▸ **Task directions**:
Begin at the line with "3D Mosque Model" and output every line through the end of the records, exactly as given. Omit pictures.
Top of Data section
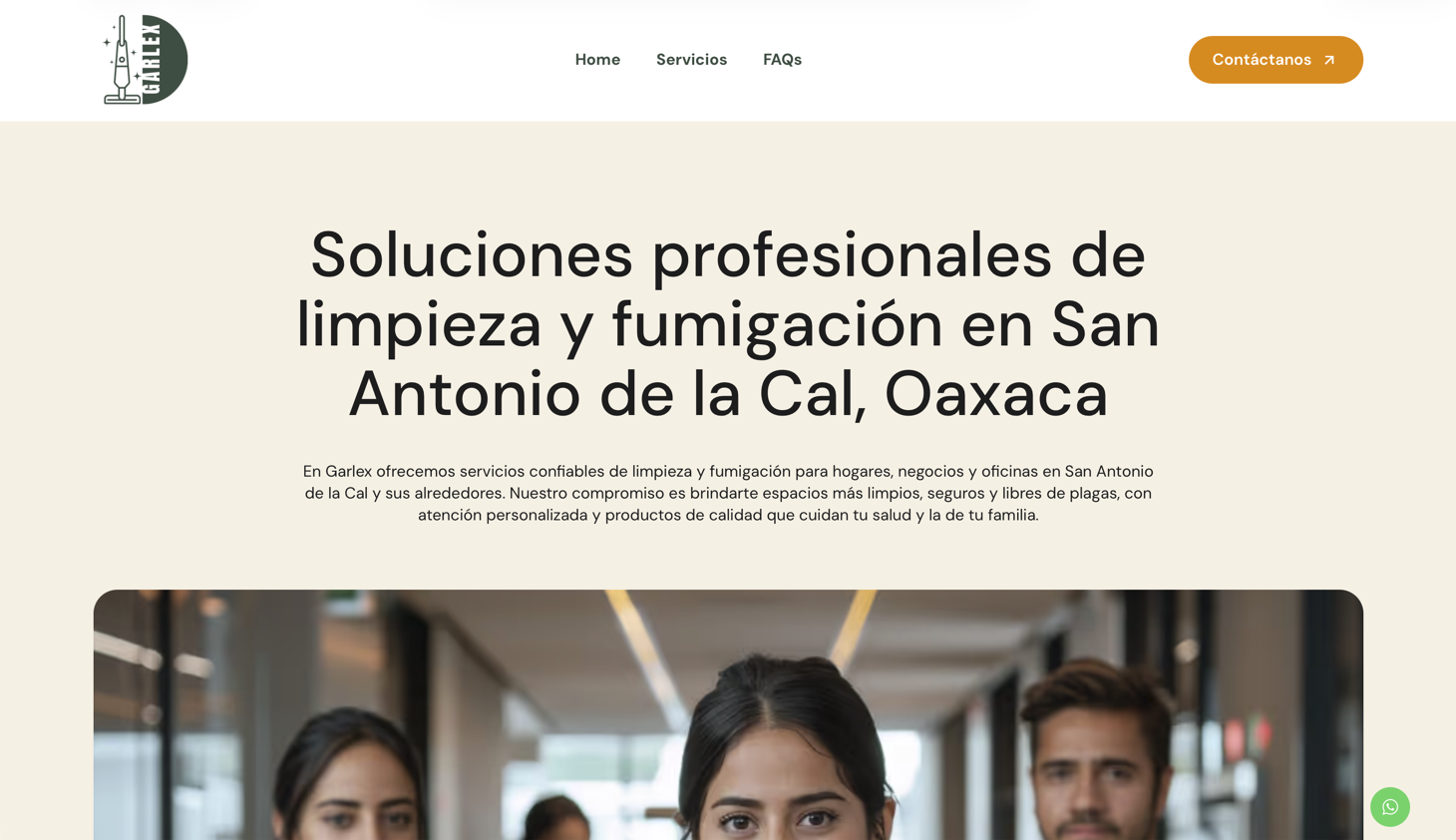 Captura de portada del sitio web de GARLEX.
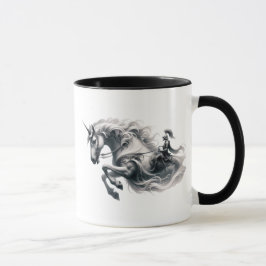 Licorne majestueuse et chevalier en armure. mugg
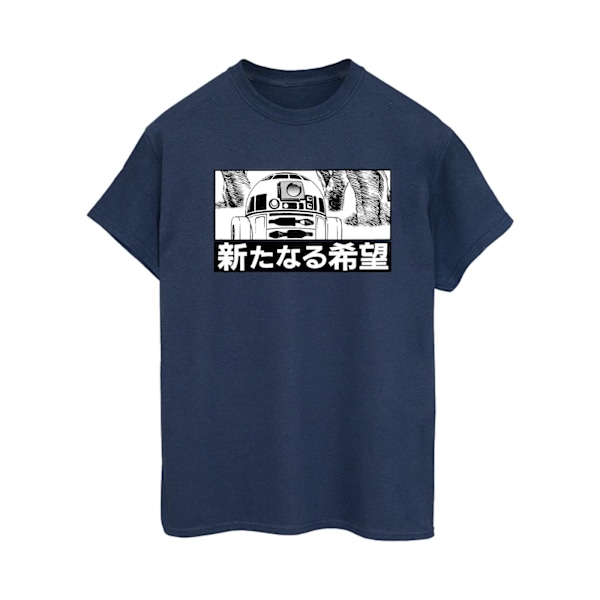 Star Wars Dam/Damer R2D2 Japansk Bomull Boyfriend T-shirt Navy Blue XL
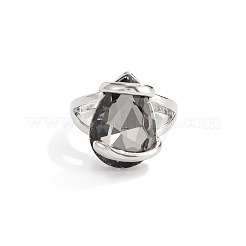 Bagues en verre facetté en forme de larme&nbsp;WG091CE-03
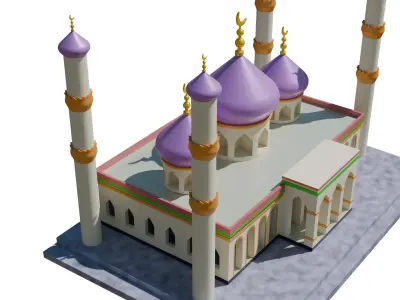3D Mosque Model Realistic Islamic Architecture Free low-poly 3D model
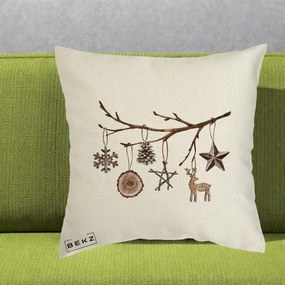 Perna Decorativa Ornamente de Lemn pe Ramura, 40x40 cm, Ecru, Husa Detasabila, Perna Inclusa, BEKZ®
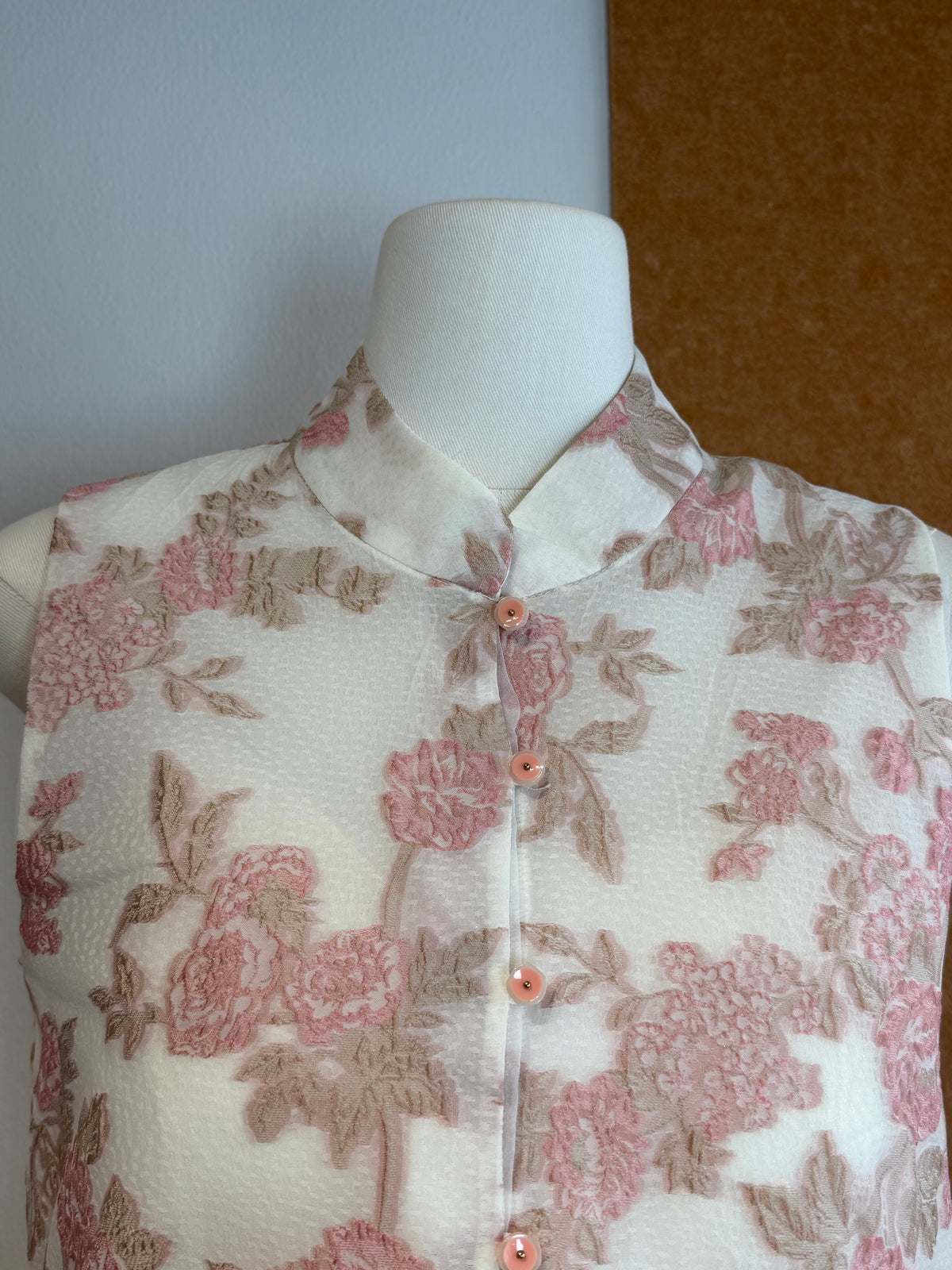 Rose Embroidered Organza Mandarin Collar Ruffle Peplum Top | Clara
Bottom of Data section
▸ **Task response**:
3D Mosque Model Realistic Islamic Architecture Free low-poly 3D model
 Perna Decorativa Ornamente de Lemn pe Ramura, 40x40 cm, Ecru, Husa Detasabila, Perna Inclusa, BEKZ®
 Rose Embroidered Organza Mandarin Collar Ruffle Peplum Top | Clara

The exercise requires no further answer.